Randy Boyagoda is the author of three novels. His latest, Original Prin, was named a Globe and Mail Best Book of 2018 and is the first of a planned trilogy. He is Principal and Vice-President of St. Michael’s College at the University of Toronto, where he is also Professor of English and holds the Basilian Chair in Christianity, Arts, and Letters. He contributes essays, reviews, and opinions to publications including The New York Times, Guardian, Commonweal, and America. A former President of PEN Canada, he is Chair of 2019 Scotiabank Giller Prize jury and lives in Toronto with his wife and their four daughters.
Liam Callanan, a novelist, teacher and journalist, was the 2017 winner (in fiction) of The George W. Hunt, S.J., Prize for Excellence in Journalism, Arts & Letters. Liam is the author of four books, including the story collection Listen, the novel All Saints, the novel The Cloud Atlas, an Edgar Award finalist and Paris by the Book, a national bestseller which was translated into multiple languages and was the 2019 winner of the Edna Ferber Prize. Liam’s work has also appeared in Commonweal, AmericaThe Wall Street Journal, Slate, The New York Times, The Washington Post, The San Francisco Chronicle, and elsewhere, and he has recorded numerous essays for public radio.  Executive producer and creator of the Poetry Foundation-sponsored animated poetry series, Poetry Everywhere, Liam has also taught for the Warren Wilson MFA Program for Writers and chaired the English department at the University of Wisconsin–Milwaukee.
Brigid Pasulka’s first novel, A Long, Long Time Ago and Essentially True (Houghton Mifflin Harcourt, 2009), alternates between Nazi-occupied and post-Communist Poland. It won the 2010 PEN/Hemingway Award, the Polish American Historical Society Creative Arts Award, and a Barnes & Noble Discover Award, and it has been translated into six languages, including Polish. Her second novel, The Sun and Other Stars (Simon & Schuster, 2014), is set on the Italian Riviera and involves butchering, soccer and Dante. It was a Chicago Tribune Editor’s Choice and an Indie Next Pick. Pasulka’s linked short stories set in post-Communist Russia have won awards and been published in various literary journals, and her upcoming novel is set in 1980s East Berlin. Pasulka lives with her husband and son in Chicago, where she runs the writing center at the Whitney Young Magnet High School on the Near West Side of Chicago.

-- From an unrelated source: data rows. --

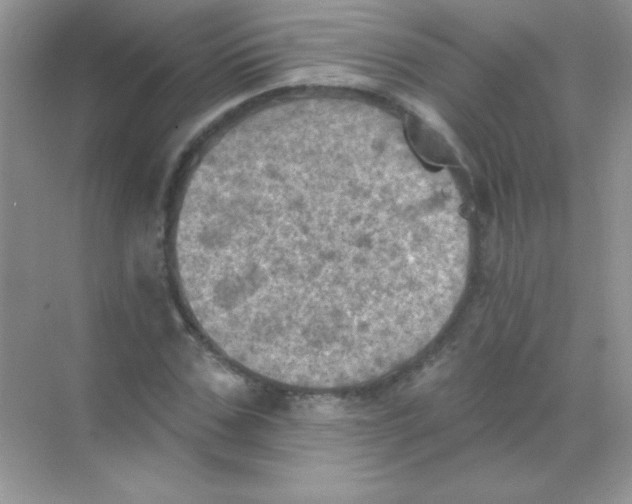 X0000068740971200605192341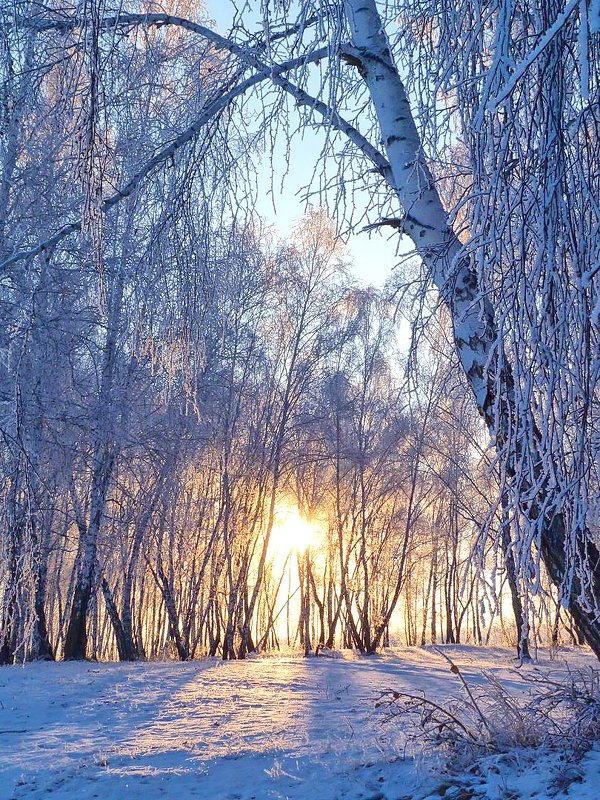 Свет зимы - Serz Stepanov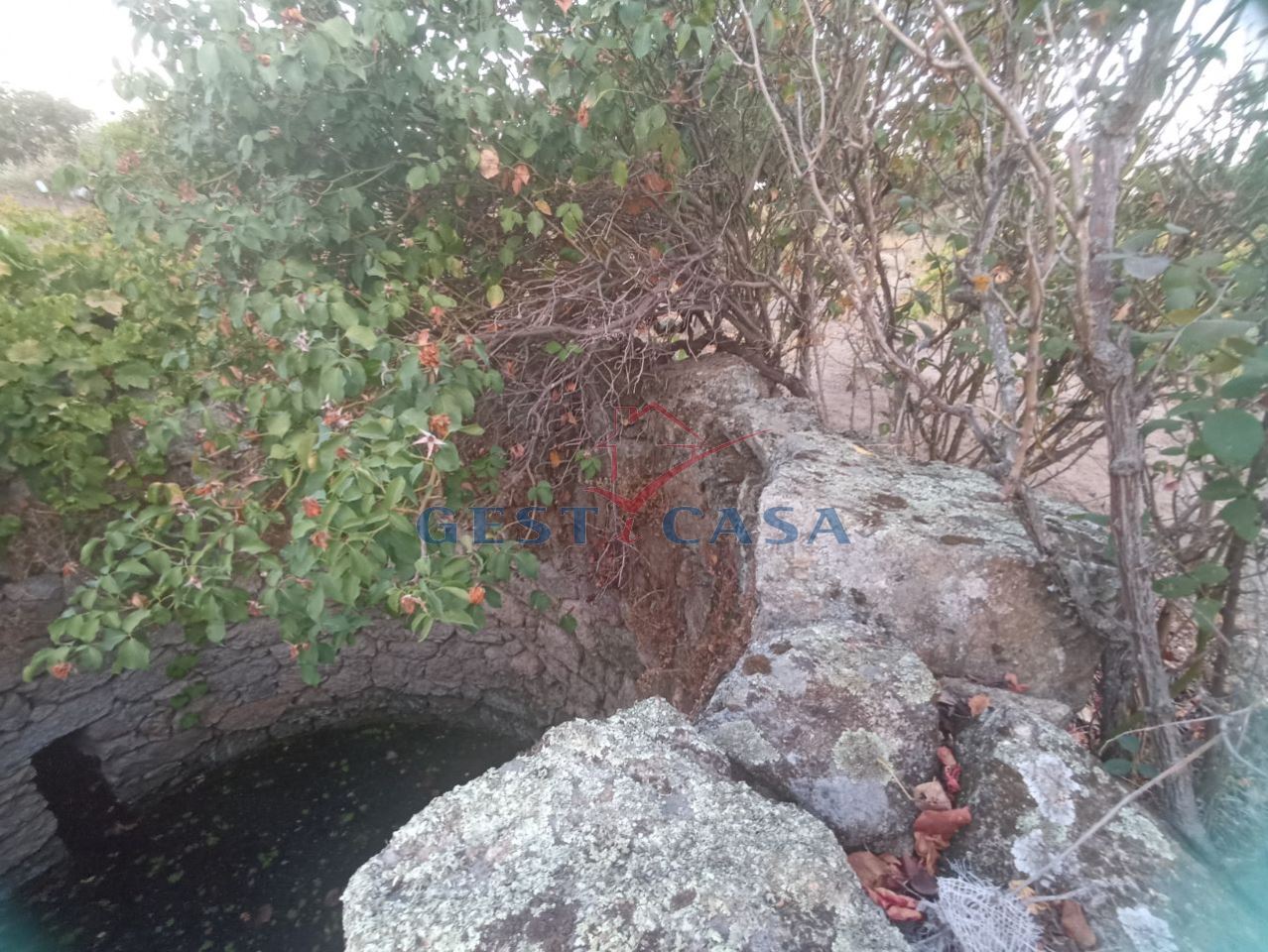 Terreno Agricola ou Rústico para Venda em Alcains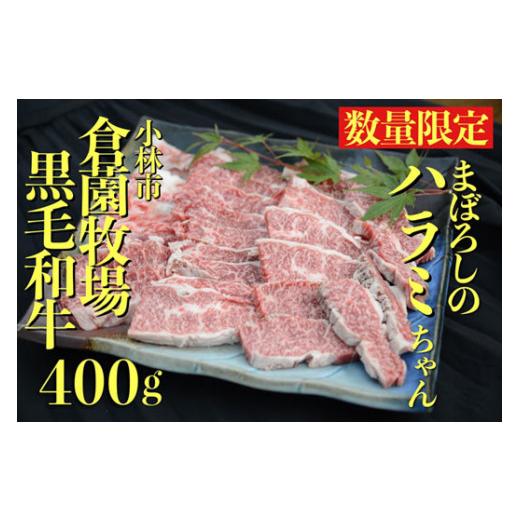 ふるさと納税 宮崎県 小林市 小林市産黒毛和牛まぼろしのハラミちゃん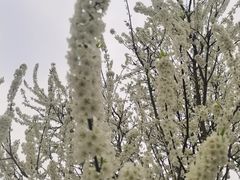 -涞滩古镇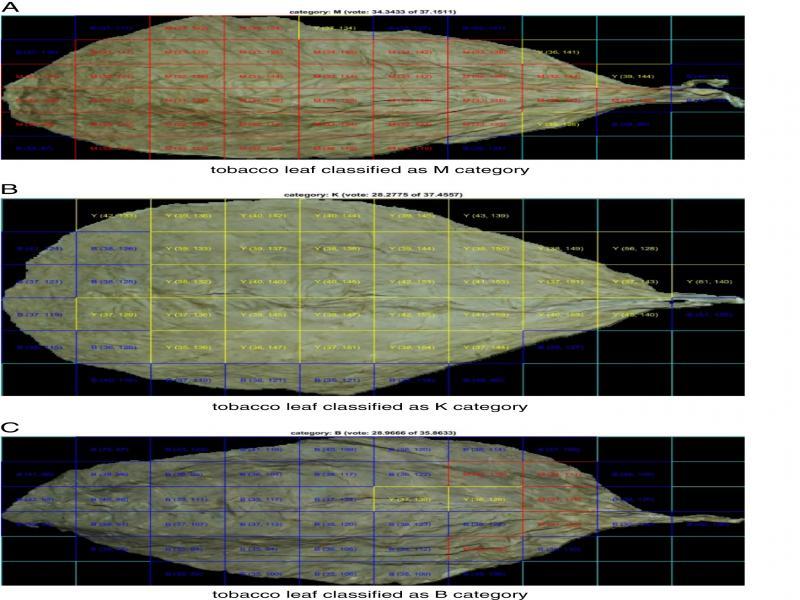 The result of color-based tobacco leaf classification.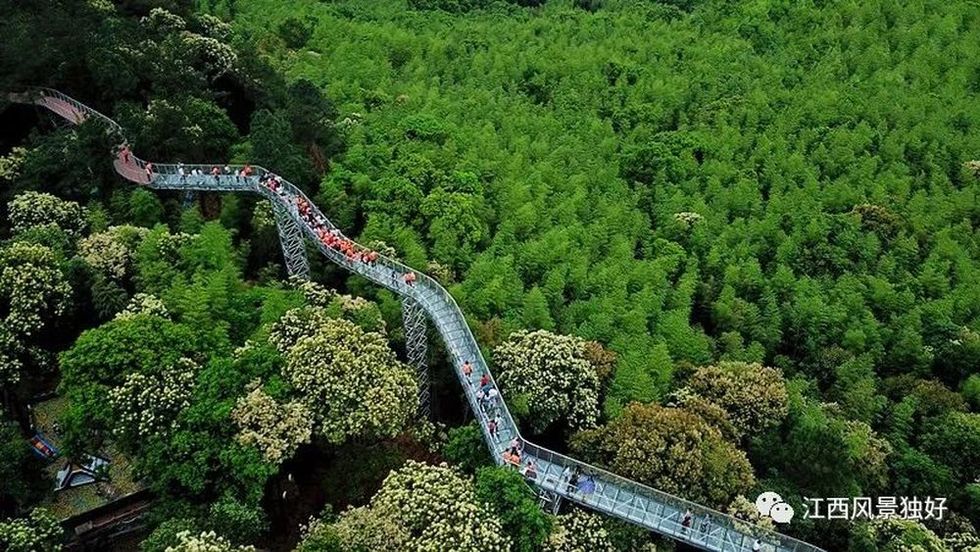 湖北日报丨避暑康养之旅榜单发布十大胜地解锁荆楚清凉慢生活(图1)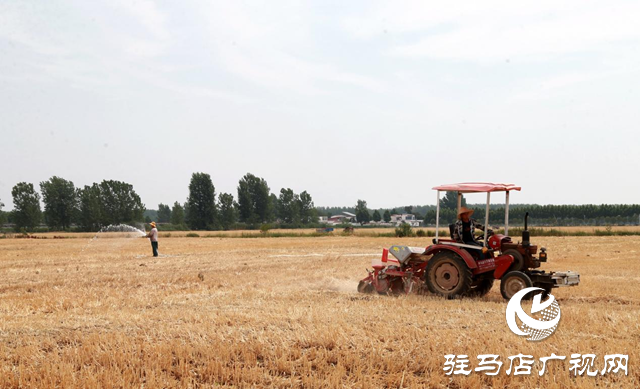 驿城区：抢抓农时 全面抗旱抢种保丰收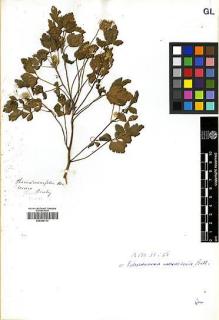 Type specimen at Edinburgh (E). Beechey's Voyage [Collectors: Lay & Collie]: . Barcode: E00369113.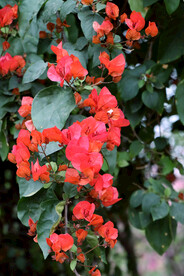 三角梅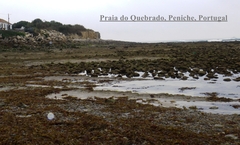 Sphaerococcus coronopifolius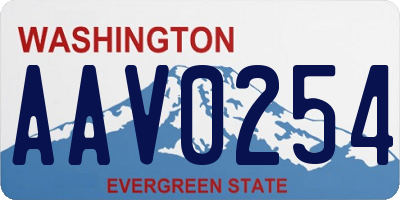 WA license plate AAV0254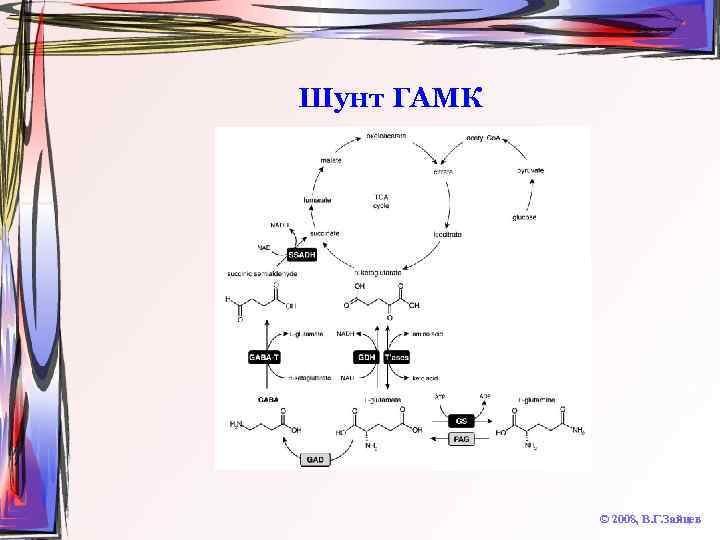 Шунт ГАМК © 2008, В. Г. Зайцев 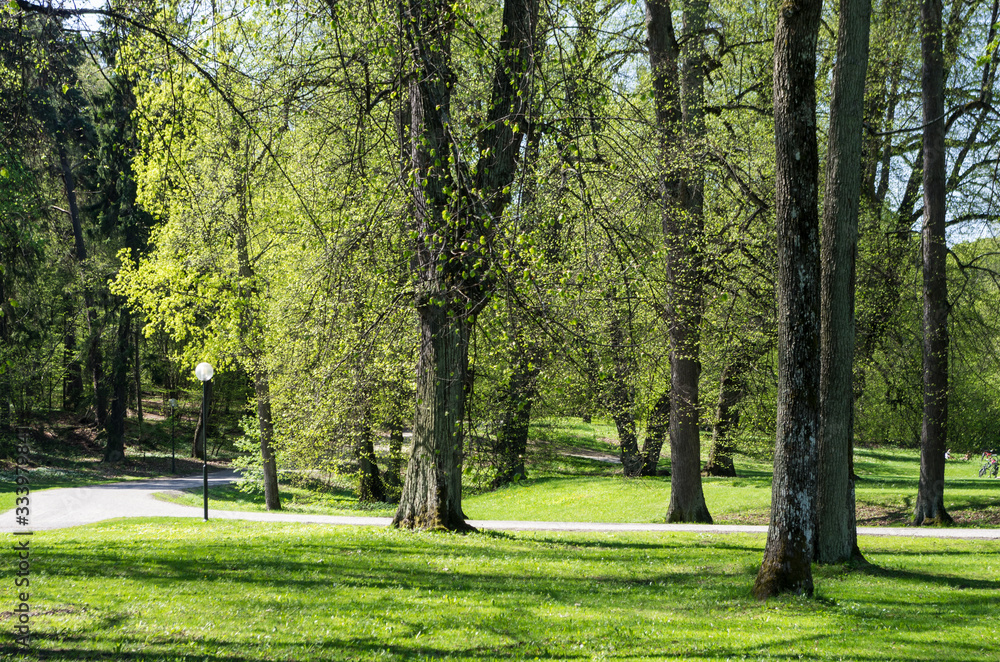 Naklejka premium Public park with freshly cut leaves on the trees and a walkway on a sunny day in the springtime.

Michael P. Murphy directs The Catholic Studies and Hank Center for the Catholic Intellectual Heritage at Loyola University Chicago. His research interests are in Theology and Literature, Critical Theory, and Christian Spirituality, but he also writes and engages public media on issues in eco-theology, ethics, and the literary/political cultures of Catholicism. Mike is a National Endowment for the Humanities fellow and his first book, A Theology of Criticism (Oxford), was named a "Distinguished Publication" in 2008 by the American Academy of Religion. He has published occasional pieces on topics ranging from spiritualities of citizenship to dating in digital culture. His most recent scholarly pieces are the theological introduction to Robert Hugh Benson’s 1907 dystopian classic Lord of the World (Ave Maria, 2016), “Breaking Bodies: O’Connor and the Aesthetics of Consecration” in Revelation & Convergence: Flannery O’Connor and Her Catholic Heritage (CUA Press, 2017), and an edited volume, this need to dance/this need to kneel: Denise Levertov and the Poetics of Faith, (Wipf and Stock, coming in fall, 2019). He is currently at work on a monograph entitled The Dirty Realists: Catholic Fiction, Poetry, and Film 1965-2015.